# WHAT YOU ARE ASKED TO DO:
Among the entries below, retype exactly the lines starting with the one with "CD – Os Caranchos – Raizes do Pampa" and going on through the one with "4456 Woodbriar Dr, Toledo, OH, 43623-1542", but not the pictures.

# LISTED ENTRIES:

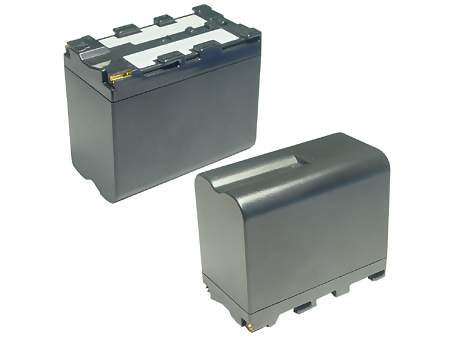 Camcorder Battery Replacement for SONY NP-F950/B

* * *

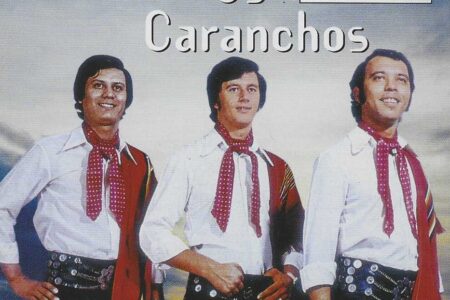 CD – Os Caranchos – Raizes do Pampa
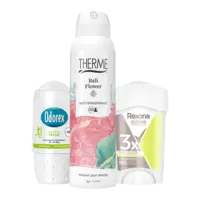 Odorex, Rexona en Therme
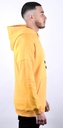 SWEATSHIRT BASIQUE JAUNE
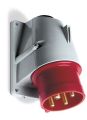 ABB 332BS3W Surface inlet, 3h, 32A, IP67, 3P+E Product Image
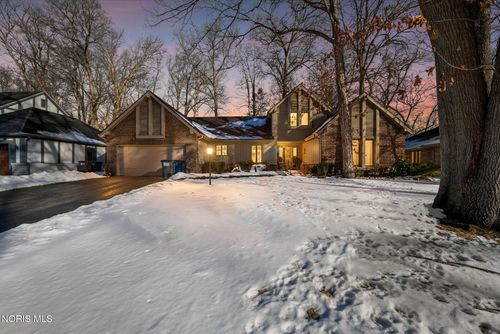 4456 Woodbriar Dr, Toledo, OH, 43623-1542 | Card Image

# EXERCISE OUTPUT:
 CD – Os Caranchos – Raizes do Pampa
 Odorex, Rexona en Therme
 SWEATSHIRT BASIQUE JAUNE
 ABB 332BS3W Surface inlet, 3h, 32A, IP67, 3P+E Product Image
 4456 Woodbriar Dr, Toledo, OH, 43623-1542 | Card Image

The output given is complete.